2 minute read  

Controlling the Kubernetes versions for specific worker pools

Since Gardener v1.36, worker pools can have different Kubernetes versions specified than the control plane.

In earlier Gardener versions all worker pools inherited the Kubernetes version of the control plane. Once the Kubernetes version of the control plane was modified, all worker pools have been updated as well (either by rolling the nodes in case of a minor version change, or in-place for patch version changes).

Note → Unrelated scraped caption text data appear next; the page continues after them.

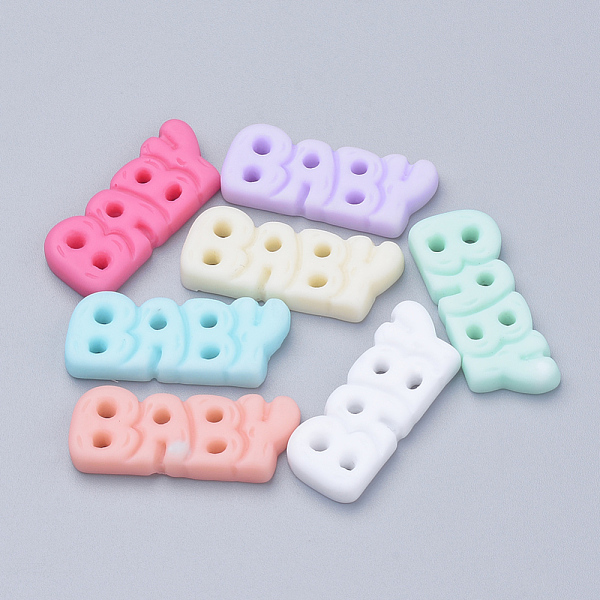 PandaHall Resin Cabochons, Word Baby, Mixed Color, 12x29~30x4mm Resin Word Multicolor
PandaHall Resin Cabochons, Word Baby, Mixed Color, 12x29~30x4mm Resin Word Multicolor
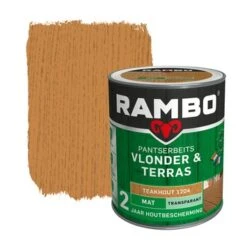 Rambo Pantserbeits Vlonder & Terras Transparant Teakhout Mat 1 Liter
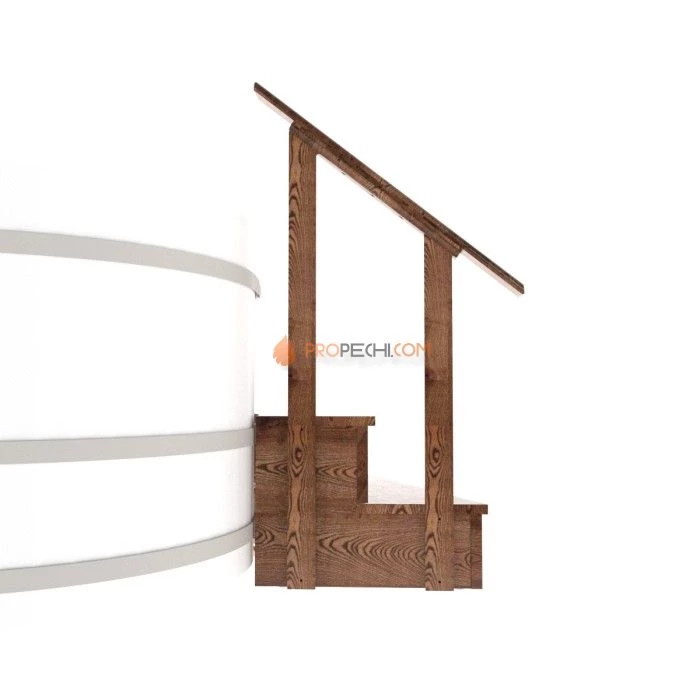 Подиум BentWood для купели лиственница морёная. сегмент 1/8
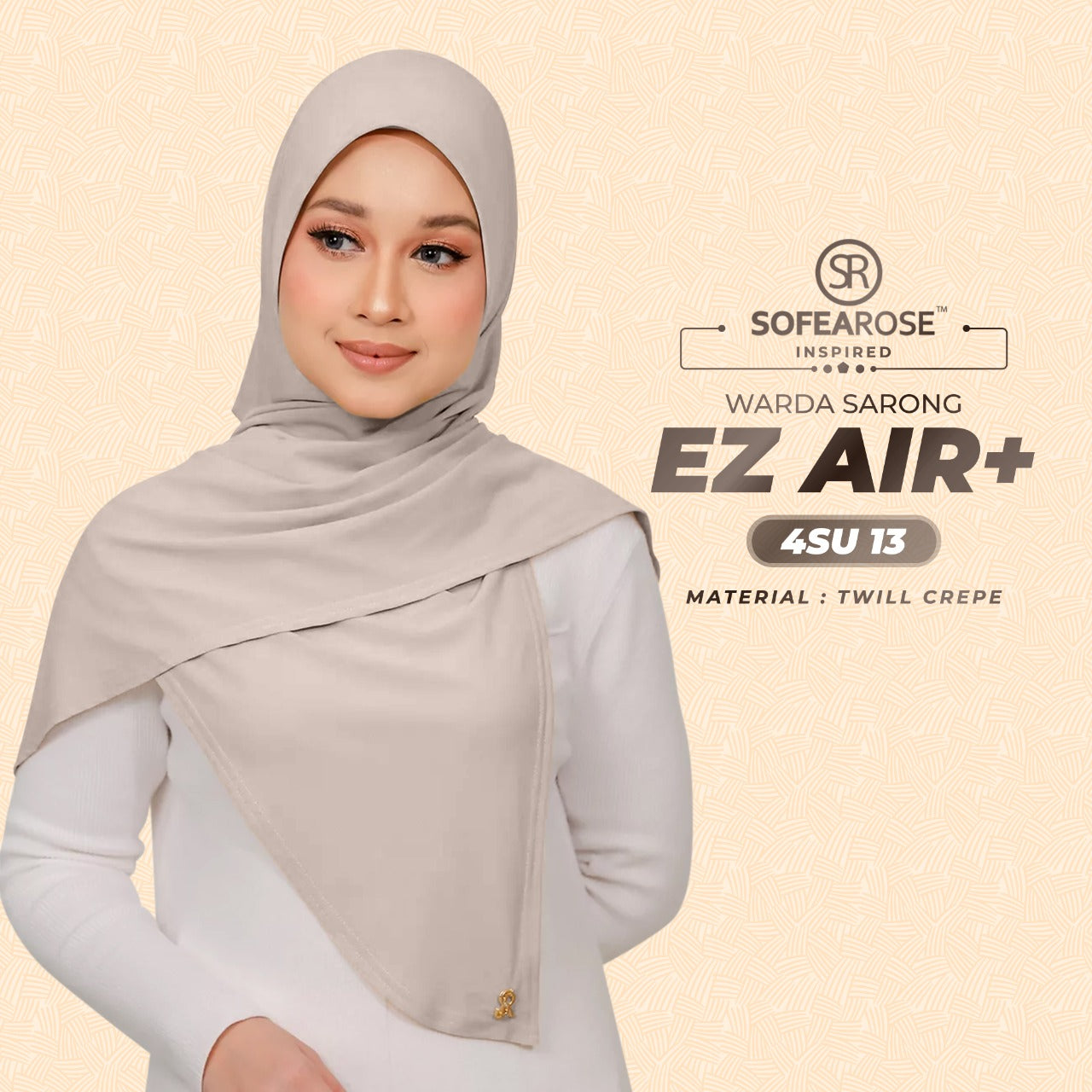 Sofearose Inspired Warda Sarong Series Instant Plain Collection (4SU)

In order to gracefully perform Kubernetes upgrades (triggering a rolling update of the nodes) with workloads sensitive to restarts (e.g., those dealing with lots of data), it might be required to be able to gradually perform the upgrade process. In such cases, the Kubernetes version for the worker pools can be pinned (.spec.provider.workers[].kubernetes.version) while the control plane Kubernetes version (.spec.kubernetes.version) is updated. This results in the nodes being untouched while the control plane is upgraded. Now a new worker pool (with the version equal to the control plane version) can be added. Administrators can then reschedule their workloads to the new worker pool according to their upgrade requirements and processes.

Example Usage in a Shoot

spec:
  kubernetes:
    version: 1.20.1
  provider:
    workers:
    - name: data1
      kubernetes:
        version: 1.19.1
    - name: data2
  • If .kubernetes.version is not specified in a worker pool, then the Kubernetes version of the kubelet is inherited from the control plane (.spec.kubernetes.version), i.e., in the above example, the data2 pool will use 1.20.1.
  • If .kubernetes.version is specified in a worker pool then it must meet the following constraints:
    • It must be at most two minor versions lower than the control plane version.
    • If it was not specified before, then no downgrade is possible (you cannot set it to 1.19.1 while .spec.kubernetes.version is already 1.20.1). The “two minor version skew” is only possible if the worker pool version is set to control plane version and then the control plane was updated gradually two minor versions.
    • If the version is removed from the worker pool, only one minor version difference is allowed to the control plane (you cannot upgrade a pool from version 1.18.0 to 1.20.0 in one go).

Automatic updates of Kubernetes versions (see Shoot Maintenance) also apply to worker pool Kubernetes versions.